* Task to complete *
Use the entries below and reproduce exactly the lines from the one containing "Candle Snuffer Tulip" down to the one containing "LED Dimmable επιτραπέζιο", both of them included.

* Information *
####

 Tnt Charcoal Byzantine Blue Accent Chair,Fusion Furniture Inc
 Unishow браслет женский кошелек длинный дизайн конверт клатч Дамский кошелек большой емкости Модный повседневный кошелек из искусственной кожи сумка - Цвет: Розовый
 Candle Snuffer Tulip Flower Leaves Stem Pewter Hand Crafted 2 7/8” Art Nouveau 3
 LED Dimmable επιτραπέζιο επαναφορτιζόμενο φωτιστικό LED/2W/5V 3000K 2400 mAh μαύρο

####

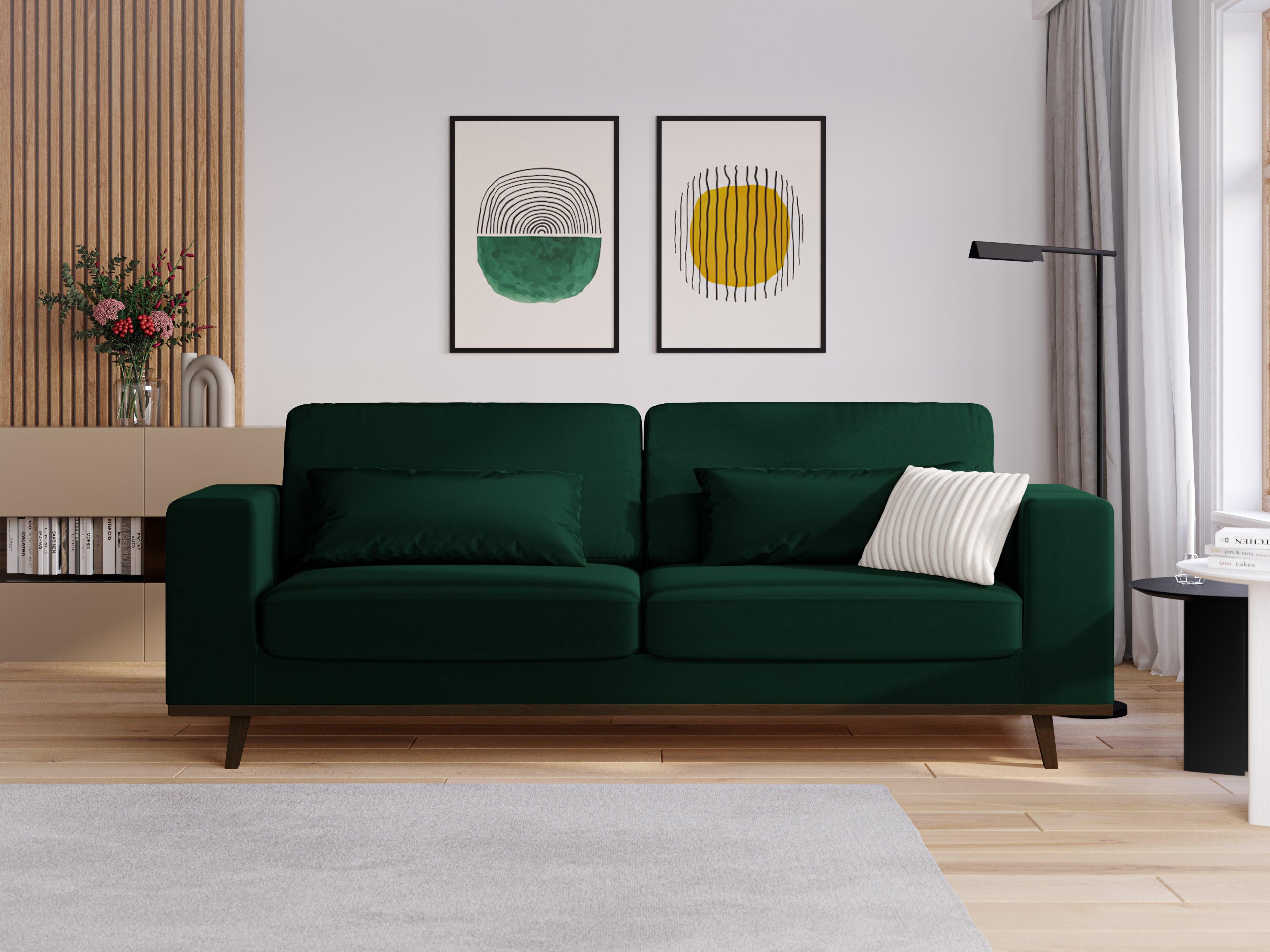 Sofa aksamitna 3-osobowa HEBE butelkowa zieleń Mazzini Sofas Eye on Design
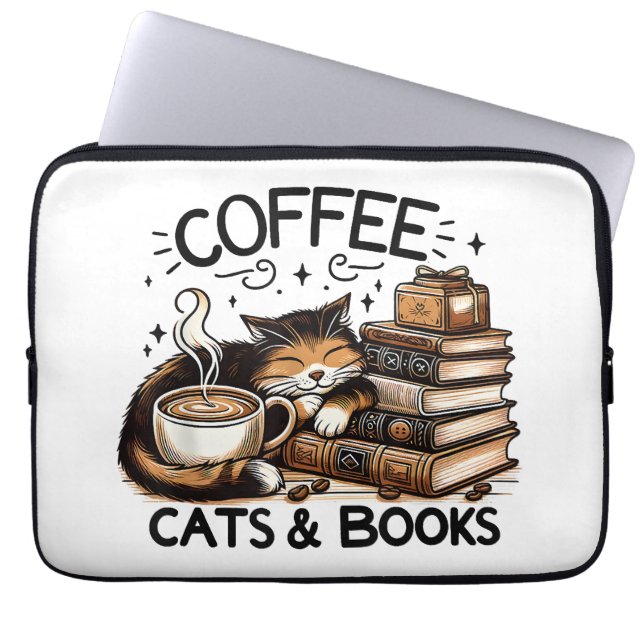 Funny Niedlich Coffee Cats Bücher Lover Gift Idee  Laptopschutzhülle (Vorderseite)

####

* Result for this exercise *
 Candle Snuffer Tulip Flower Leaves Stem Pewter Hand Crafted 2 7/8” Art Nouveau 3
 LED Dimmable επιτραπέζιο επαναφορτιζόμενο φωτιστικό LED/2W/5V 3000K 2400 mAh μαύρο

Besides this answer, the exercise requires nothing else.